BEGIN Available data

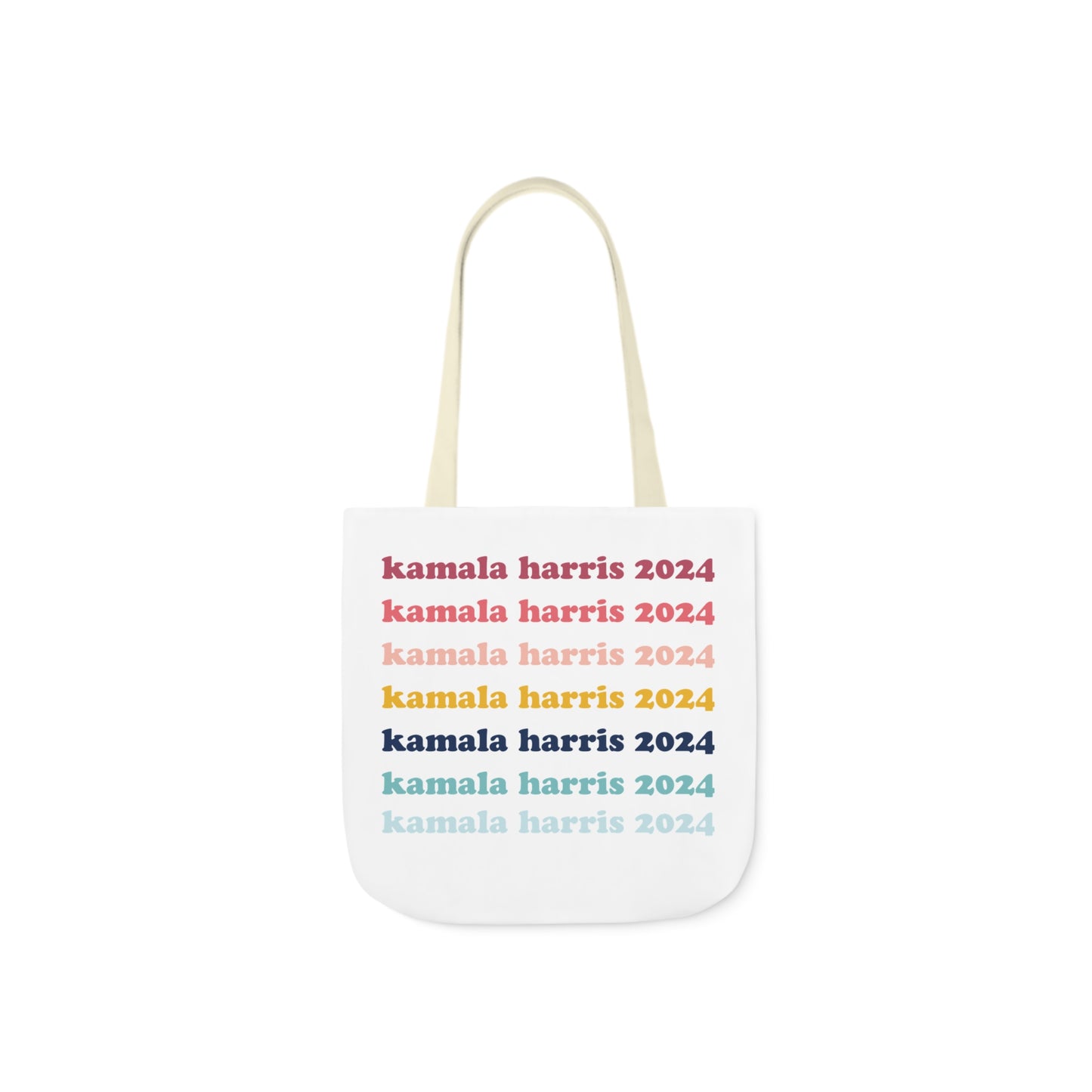 Kamala Harris 2024 Retro Rainbow Canvas Tote Bag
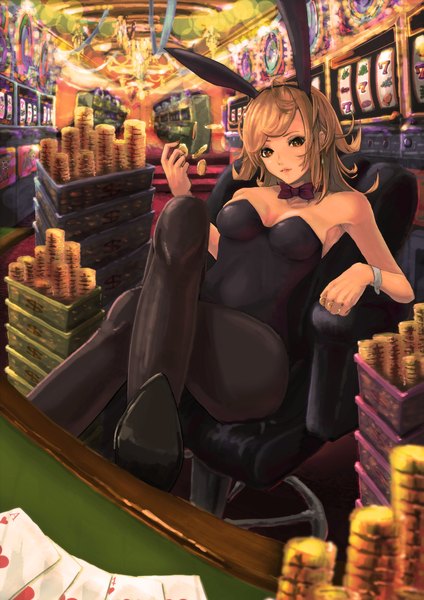 Anime picture 1415x2000 with original motida (artist) single tall image short hair brown hair sitting brown eyes bunny ears legs crossed legs bunny girl casino girl bunnysuit card (cards) slot machine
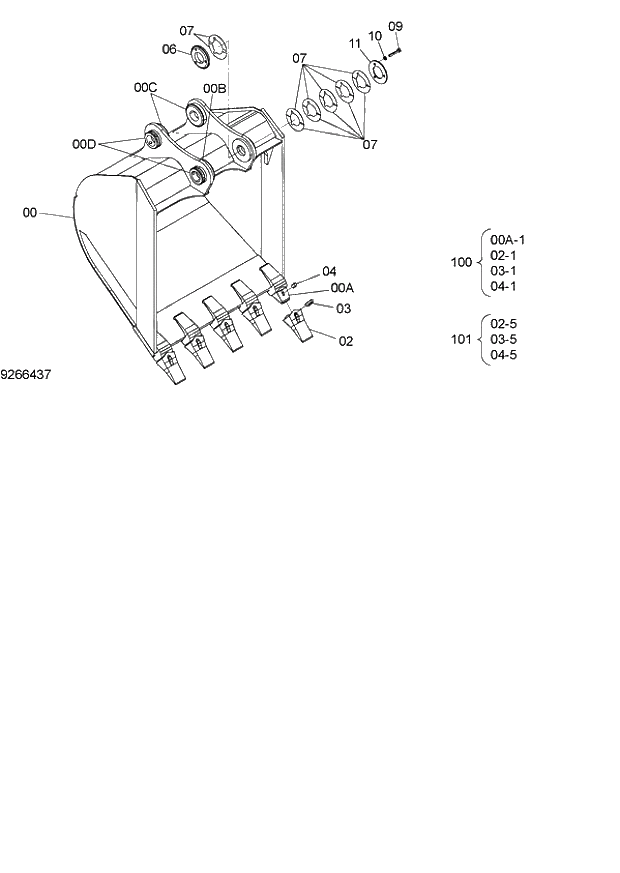 Схема запчастей Hitachi ZX140W-3 - 303 BUCKET 0.66m3 (JIS 94) ( CEB CED 002001-, CEA 020001-). 04 FRONT-END ATTACHMENTS(2P-BOOM)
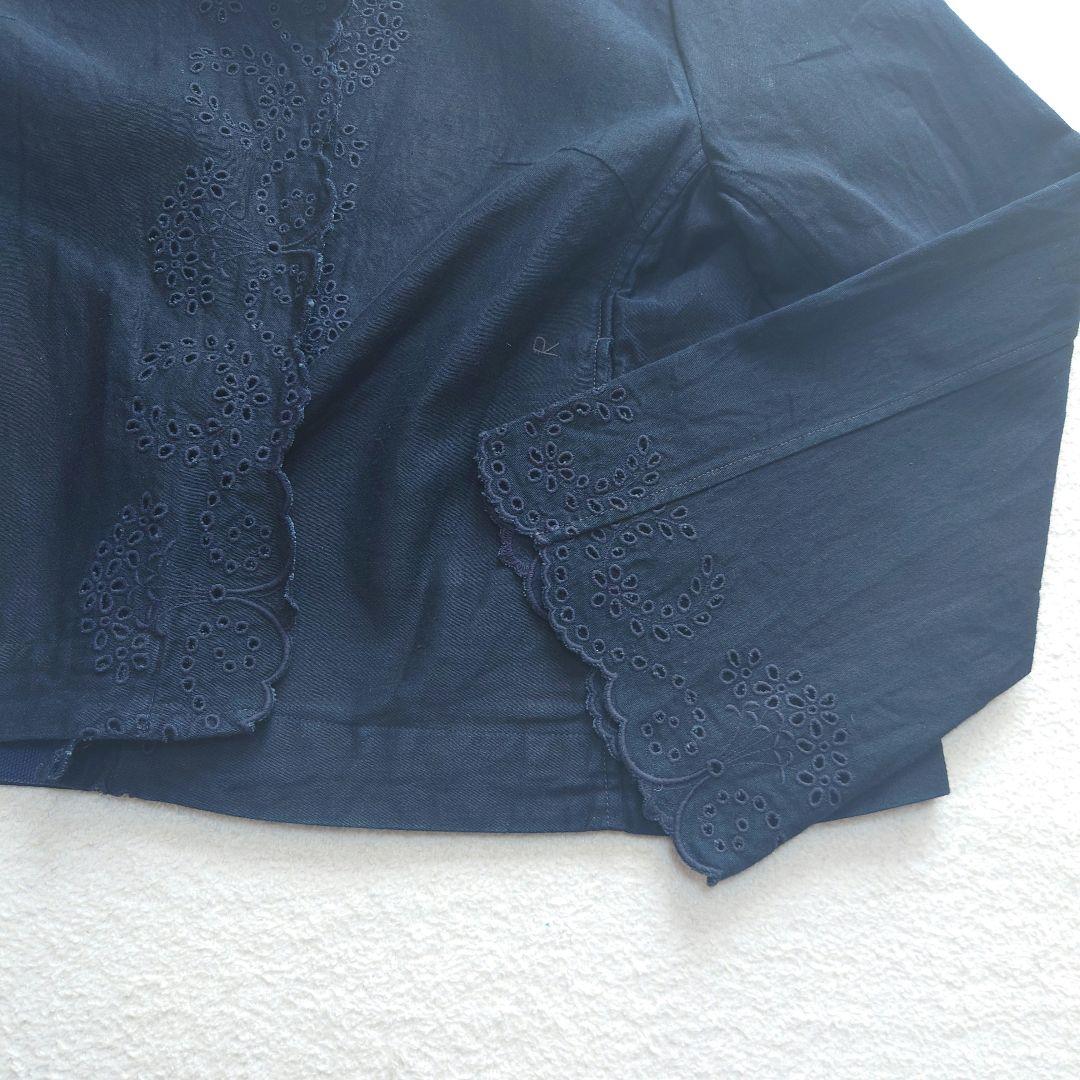 ４５Ｒ 藍納戸粟サテンのカットワークAKIYAボレロ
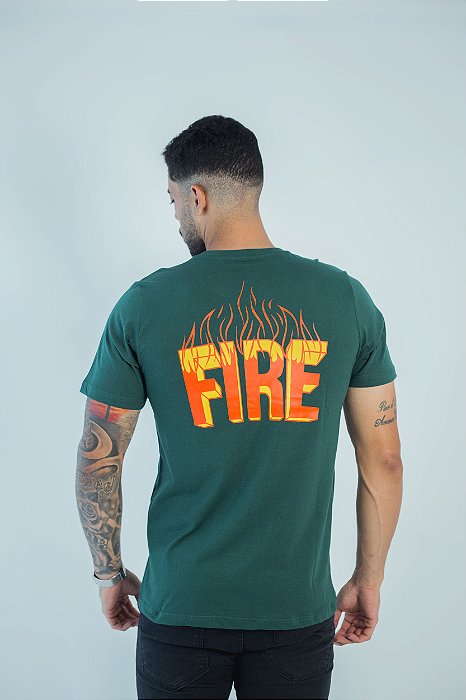 CAMISETA BÁSICA COM SILK - VERDE MASCULINA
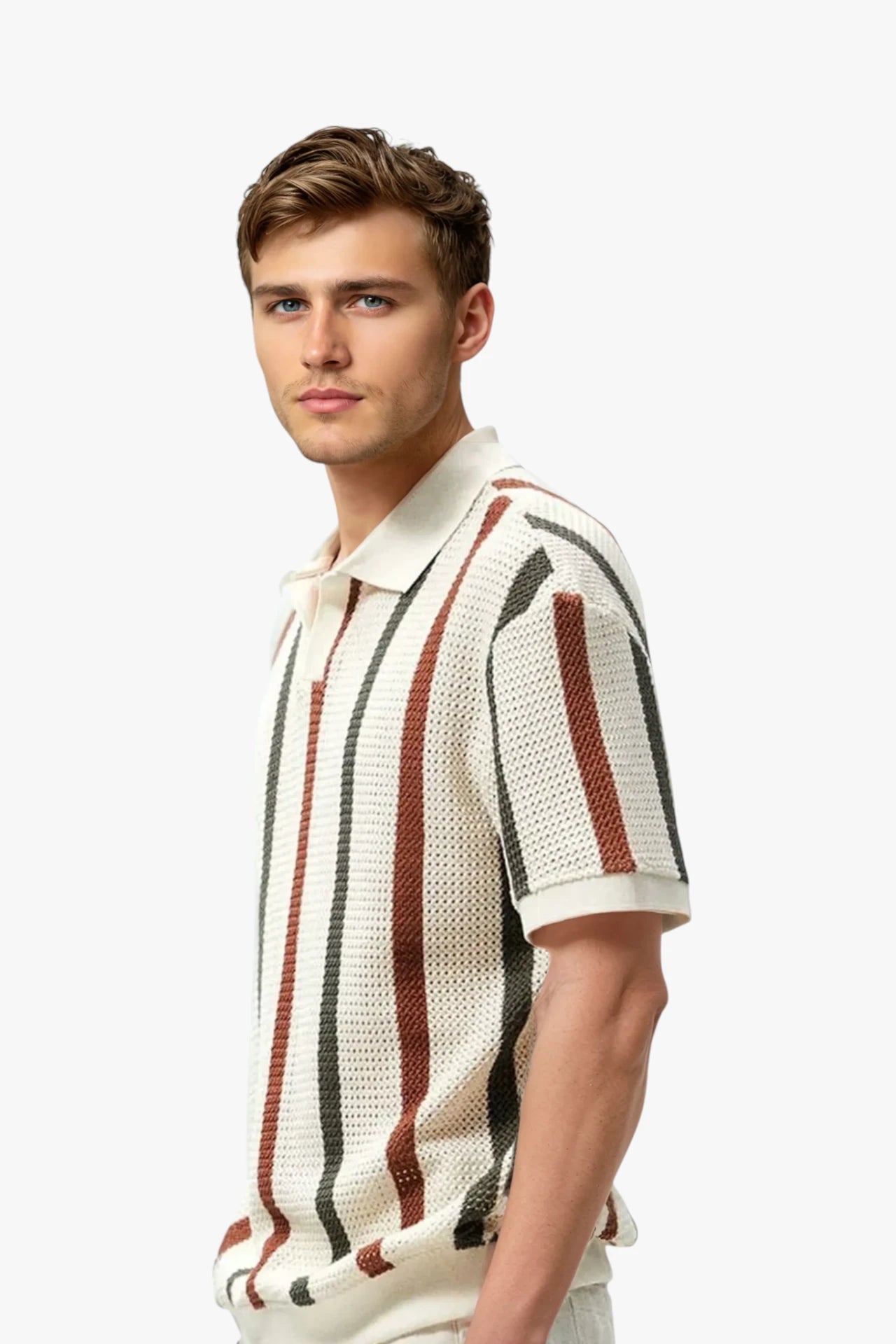 Retro Striped Knit Polo ROM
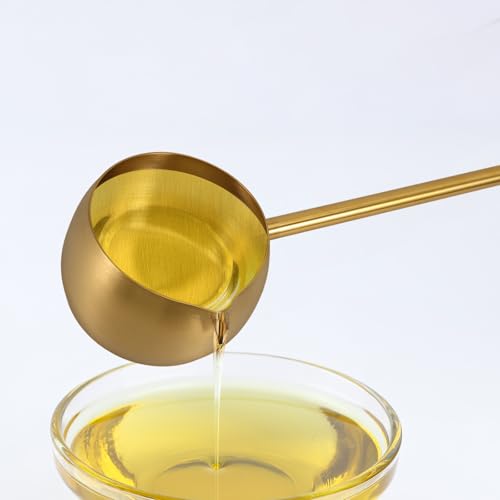 IMIKEYA Ladle with Pour Spout : Stainless Steel Soup Ladle Long Handle Water Dipper Premium 280ml Oil Spoon for Kitchen Cooking Serving Sauce Silver Tool - color: Golden
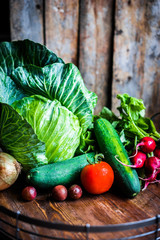 Fresh vegetables on wooden background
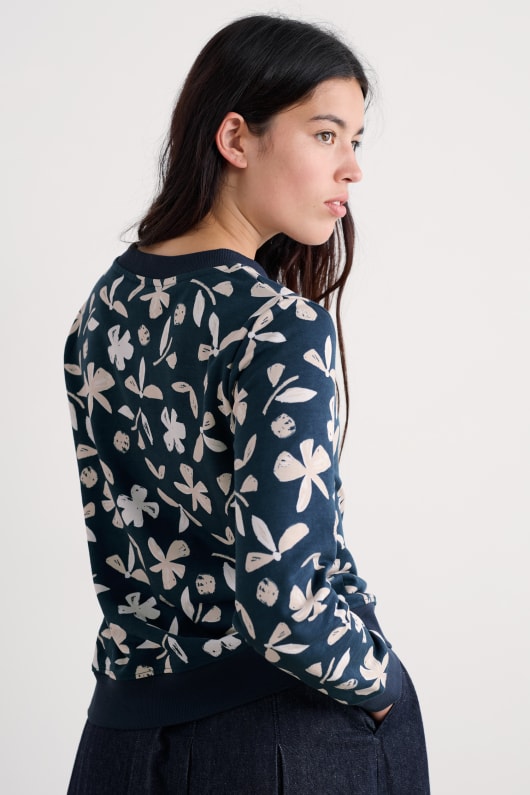 lumineux vague imprimé sweat-shirt en coton bio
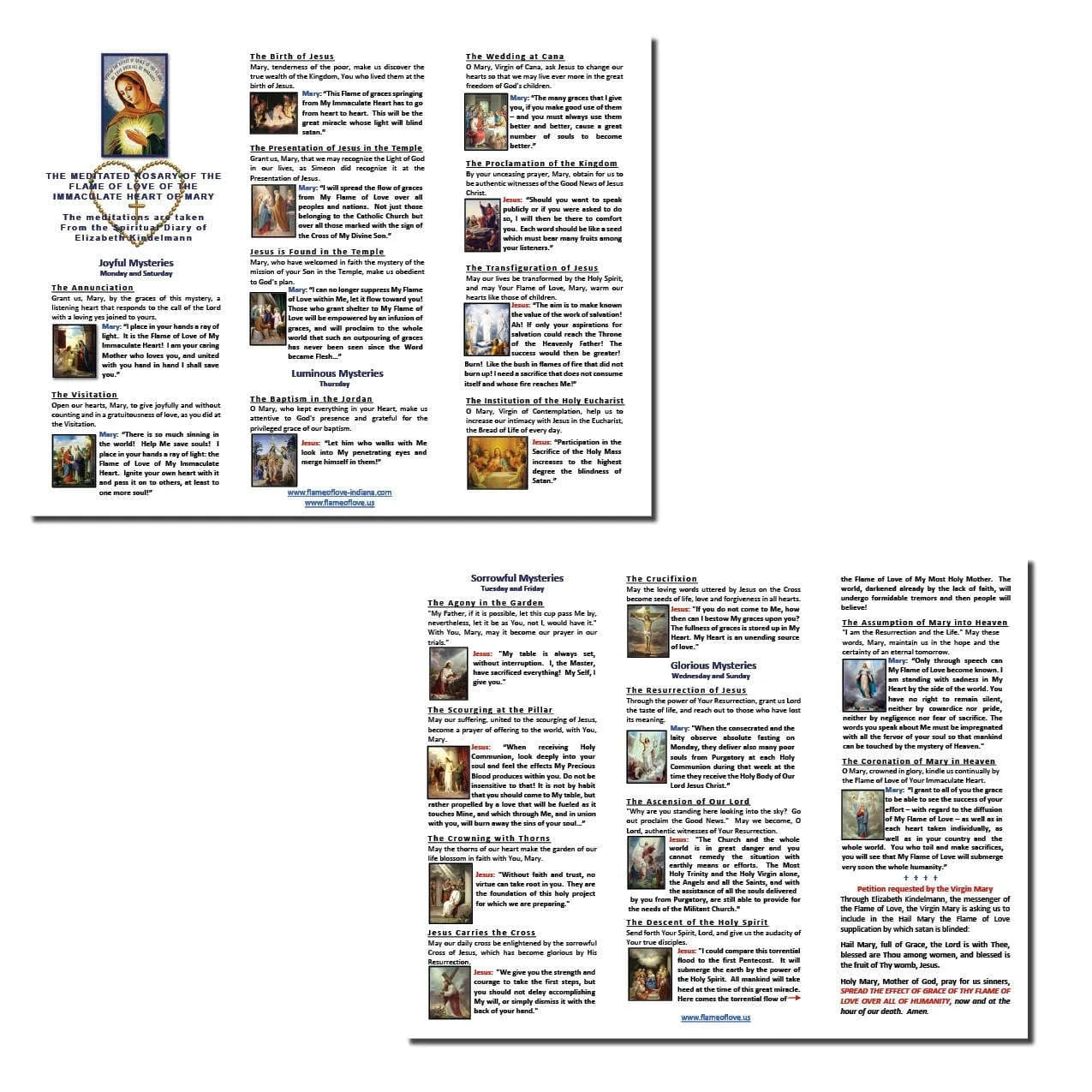 Meditated Rosary of the Flame of Love of. the Immaculate Heart of Mary Packages - Bob and Penny Lord Journeys of Faith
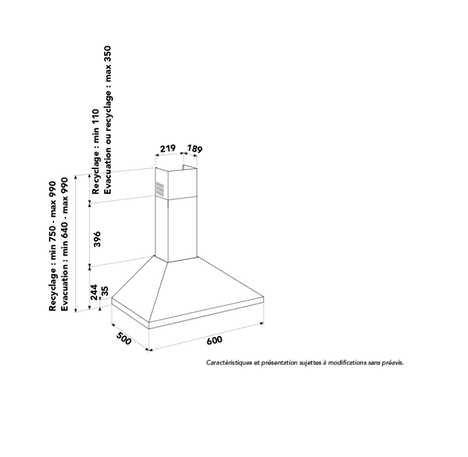 Hotte murale pyramide 60 cm AIRLUX AHP660SS EM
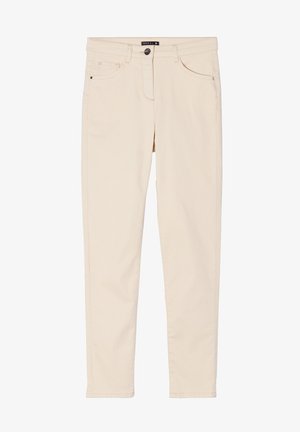 Beige Denim-Skinny-Jeans mit normalem Bund, zwei Vorderentaschen und einem kleinen Logodesign. Glatte Textur und schlankes Design.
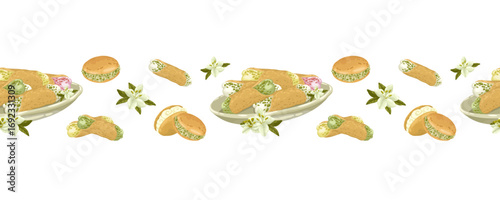 Pastries and desserts seamless vector border. A charming hand-drawn illustration featuring pies, cannoli, and cookies. Ideal for bakery branding, cafe decorations, culinary invitations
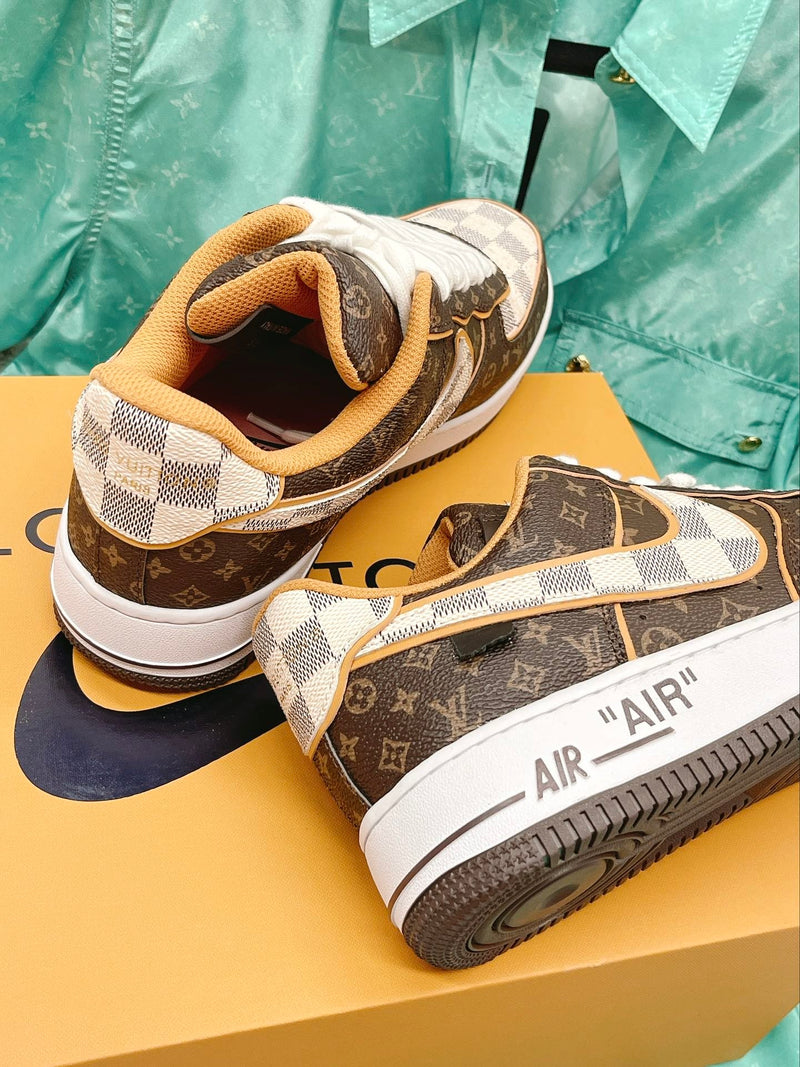 Air Force 1 Low LV Monogram Brown Damier Azur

END Available data

# Task description
Within the entries above, the lines from the one containing "Retro Striped Knit Polo ROM" through the one containing "Beige Denim-Skinny-Jeans mit" are to be transcribed exactly, ends included, pictures excluded.

# Response for this exercise
 Retro Striped Knit Polo ROM
 IMIKEYA Ladle with Pour Spout : Stainless Steel Soup Ladle Long Handle Water Dipper Premium 280ml Oil Spoon for Kitchen Cooking Serving Sauce Silver Tool - color: Golden
 Fresh vegetables on wooden background
 lumineux vague imprimé sweat-shirt en coton bio
 Meditated Rosary of the Flame of Love of. the Immaculate Heart of Mary Packages - Bob and Penny Lord Journeys of Faith
 Hotte murale pyramide 60 cm AIRLUX AHP660SS EM
 Beige Denim-Skinny-Jeans mit normalem Bund, zwei Vorderentaschen und einem kleinen Logodesign. Glatte Textur und schlankes Design.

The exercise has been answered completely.